Politica - 20 febbraio 2026, 10:02

Linea Ivrea-Chivasso, Avetta: "La Regione Piemonte sospenda gli aumenti tariffari"

Il consigliere Pd ha presentato un'interrogazione denunciando le criticità a pochi giorni dalla sospensione del servizio ferroviario

"Da lunedì 23 febbraio la tratta Ivrea-Chivasso si farà in bus e i pendolari dovranno sopportare (almeno…) 60 giorni di disagi. C’è da augurarsi che siano meno gravi di quelli che, nelle settimane scorse, gli utenti di altre tratte ferroviarie hanno subito con autobus insufficienti, sovraffollati e che, spesso, hanno lasciato a piedi le persone". Lo dice Alberto AVETTA, consigliere regionale PD.
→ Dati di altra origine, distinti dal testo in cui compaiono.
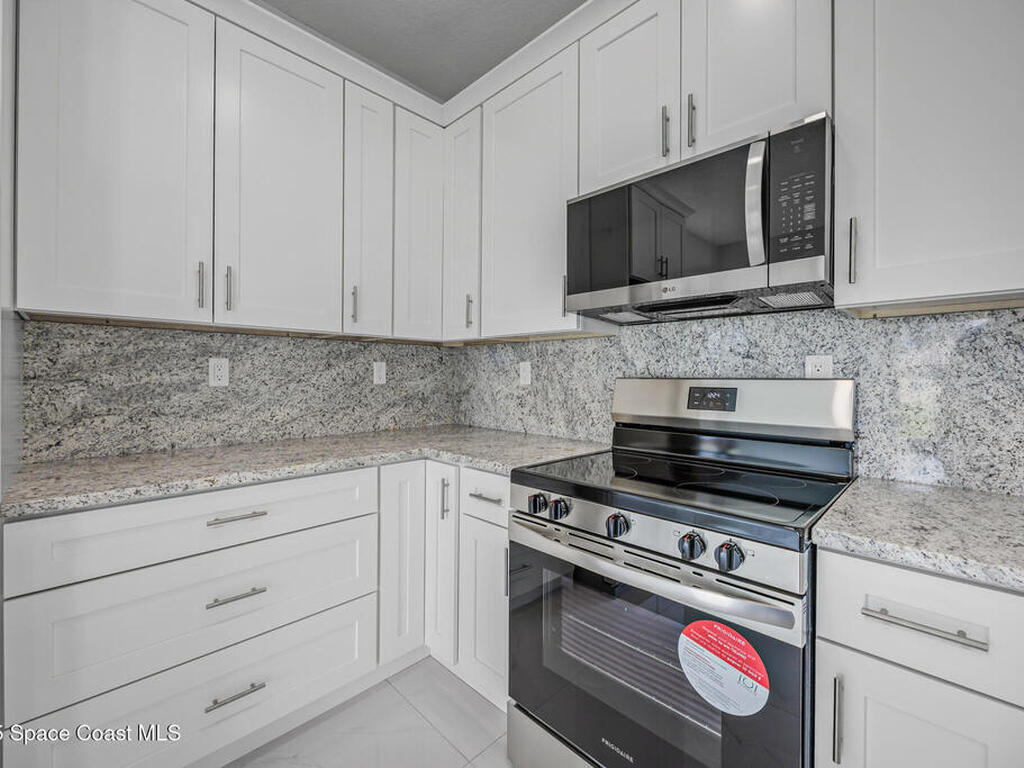 947 Hutchins Street, Palm Bay, FL 32909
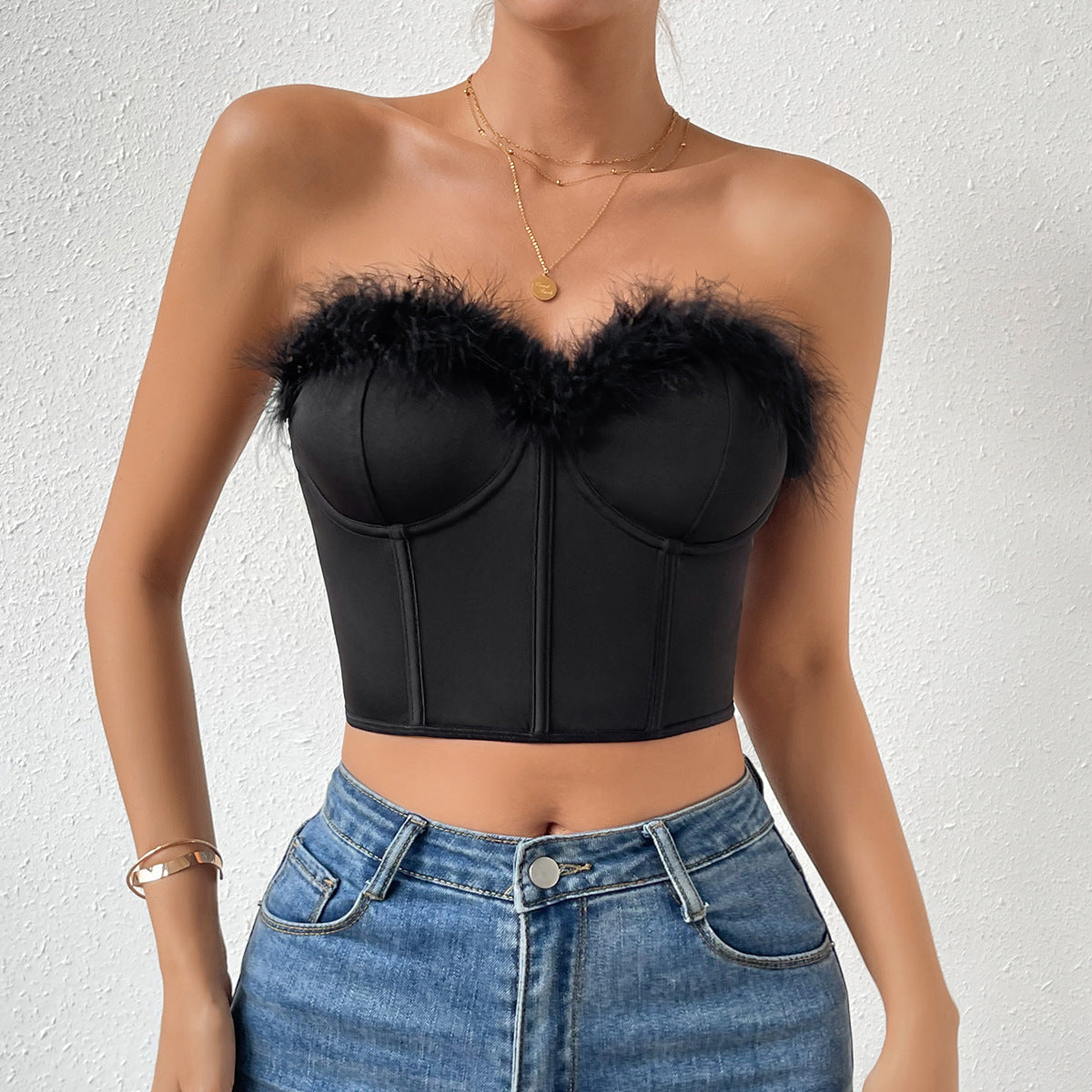 Chic Feather Top With Stitching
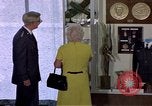 Standbild Memorabilia United States USA, 1975, aus Sekunde 37 historischem Filmmaterial Videoclip 65675032906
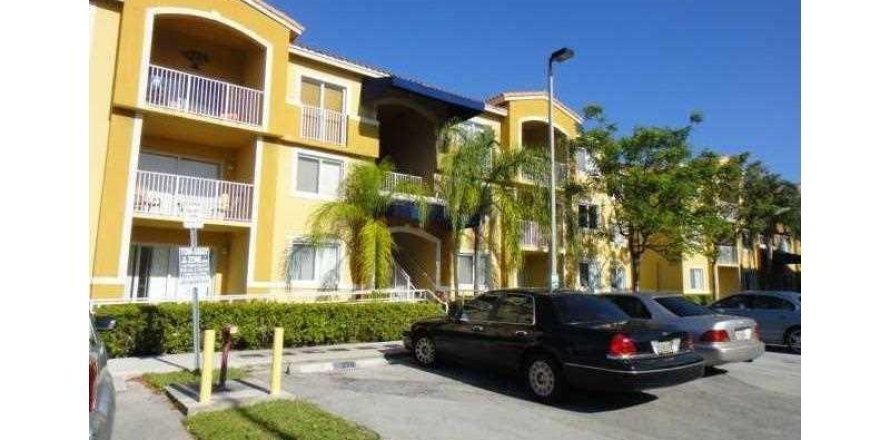 Condominio en Cutler Bay, Florida, 2 dormitorios № 1208702
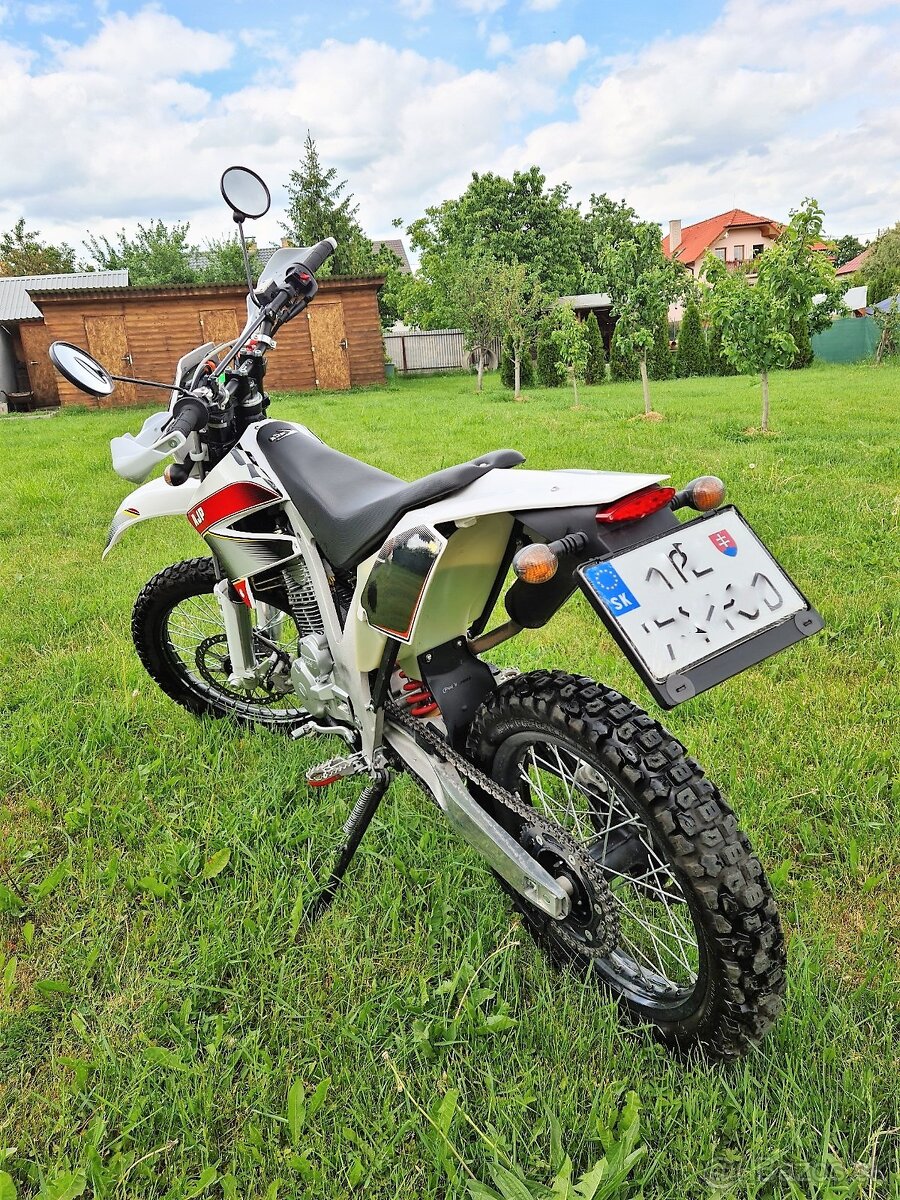 AJP PR3 Enduro 240 (6/2018)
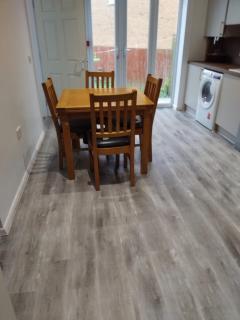4 bedroom refurbished house perfect for families, workers and groups situated in Dudley near town centre and Russall hall hospital - Dudley - 9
"E per non farci mancare nulla anche le ultime settimane sono state particolarmente intense sulla Ivrea-Chivasso-Torino con treni sovraffollati e passeggeri lasciati a piedi oltre a ritardi e cancellazioni. Nonostante ciò, i biglietti dei treni sono nuovamente rincarati: la tratta Ivrea-Torino è passata da euro 6,90 a 7. Nel 2021 la stessa tratta era venduta a euro 5,90, quindi, si registra un rincaro del 20%. È vero che gli aumenti Istat sono previsti dal contratto di servizio ma non si tratta di un’applicazione automatica, bensì di una scelta politica fatta dalla Giunta Cirio, a differenza del passato (la Giunta Chiamparino sospese l’adeguamento Istat). Sospendere gli aumenti tariffari sarebbe un significativo gesto di attenzione nei confronti dei pendolari che continuano a credere nel trasporto pubblico locale e nei confronti del mondo produttivo canavesano che vede la propria attrattività pregiudicata da una ferrovia inaffidabile". Questa la proposta contenuta in una Mozione depositata in Consiglio dal Gruppo PD  (prima firmataria la consigliera regionale Nadia Conticelli) e richiamata dall’Interrogazione che, ancora una volta, riporta l’attenzione sulle criticità della linea ferroviaria Ivrea-Torino. In particolare, nell’Interrogazione si segnala quanto avvenuto nella settimana tra il 19 e il 23 gennaio 2026, quando è stato nuovamente registrato il sovraffollamento dei vagoni durante le ore di punta sia al mattino, tra Ivrea e Torino, sia la sera, al rientro da Torino a Ivrea. Molti dei passeggeri del 2714 diretto a Torino del 22 gennaio sono stati invitati a scendere a Chivasso per salire sul Milano-Torino che, peraltro, era in ritardo. Aggiunge il consigliere Alberto Avetta: «I treni in questione (2714 e 2737) erano “corti”, ovvero “bi-modali”. Questi treni “rossi” della Regione Valle d’Aosta, a cui non è possibile aggiungere carrozze, hanno contribuito a peggiorare drasticamente la situazione. Innumerevoli volte la Regione Piemonte è stata sollecitata, affinché Trenitalia garantisse il raddoppio dei convogli bimodali, in particolare nelle ore di punta. Vogliamo capire che cosa è stato fatto finora da parte della Giunta Cirio".